[[ Record set open ]]
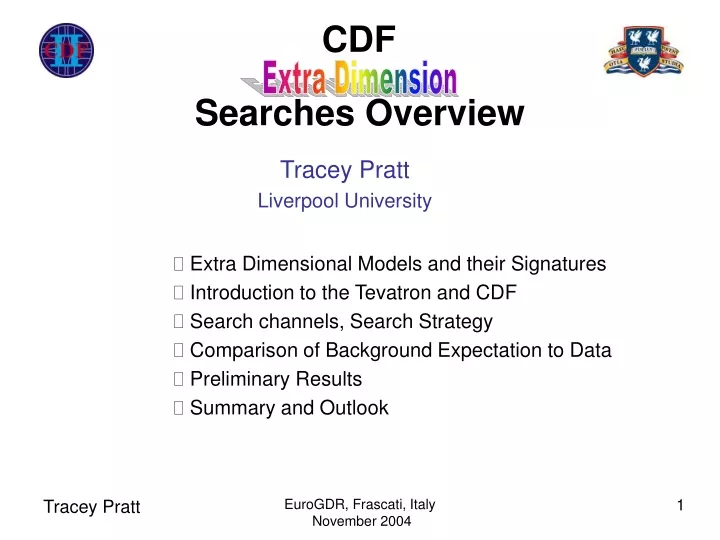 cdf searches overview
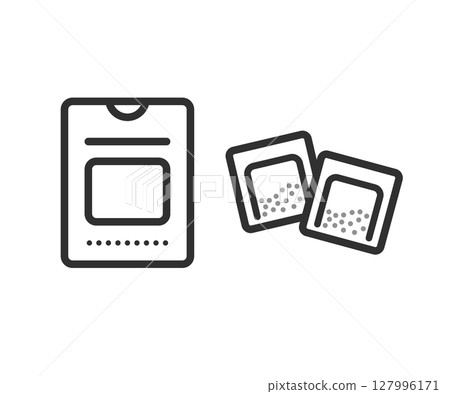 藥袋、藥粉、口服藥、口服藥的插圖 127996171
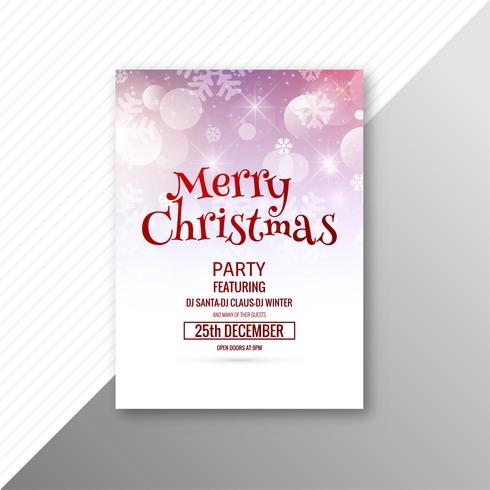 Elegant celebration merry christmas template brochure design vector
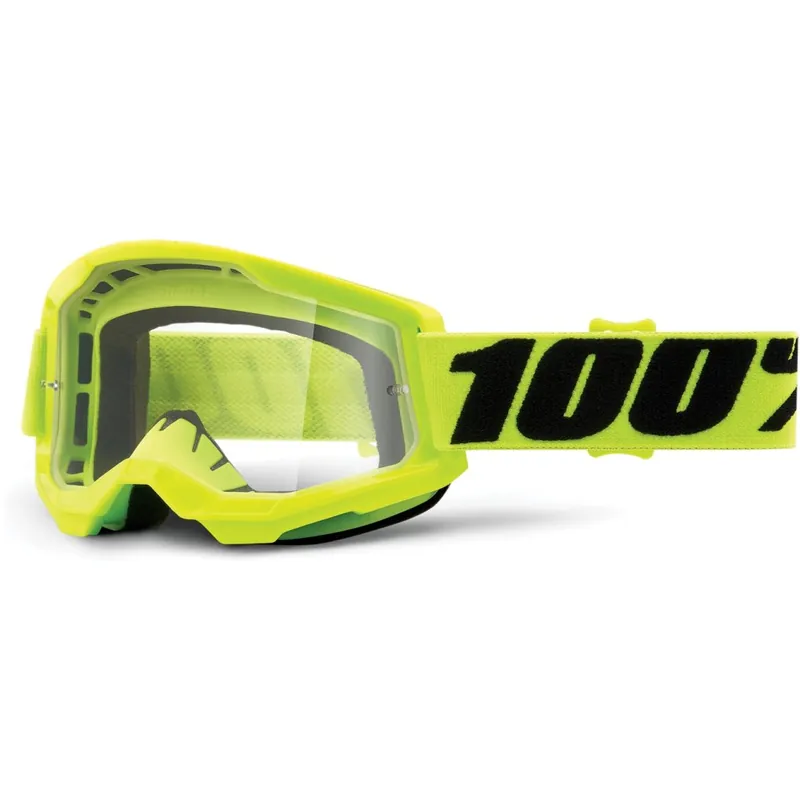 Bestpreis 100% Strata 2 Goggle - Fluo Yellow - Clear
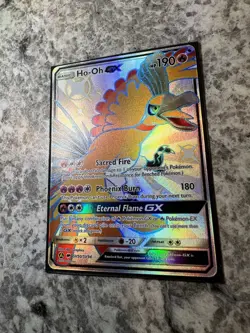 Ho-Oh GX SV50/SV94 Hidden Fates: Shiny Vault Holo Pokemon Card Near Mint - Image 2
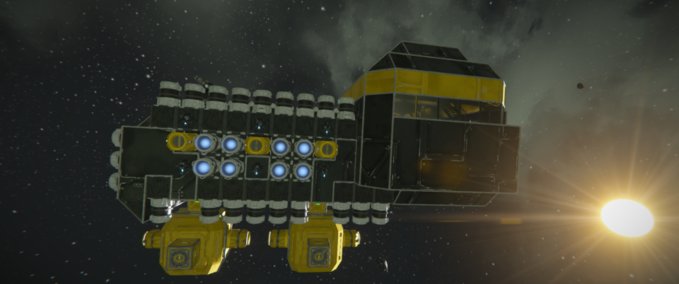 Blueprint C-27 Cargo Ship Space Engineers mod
[[ Record set closed ]]
[[ Record set open ]]
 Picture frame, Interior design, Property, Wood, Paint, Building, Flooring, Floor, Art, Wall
[[ Record set closed ]]
* _Task_
In the listing above, find the line containing "cdf searches overview". Output it and every line after it up to and including the line containing "Blueprint C-27 Cargo", exactly, but skip the pictures.

* _Written answer_
 cdf searches overview
 藥袋、藥粉、口服藥、口服藥的插圖 127996171
 Elegant celebration merry christmas template brochure design vector
 Bestpreis 100% Strata 2 Goggle - Fluo Yellow - Clear
 Ho-Oh GX SV50/SV94 Hidden Fates: Shiny Vault Holo Pokemon Card Near Mint - Image 2
 Blueprint C-27 Cargo Ship Space Engineers mod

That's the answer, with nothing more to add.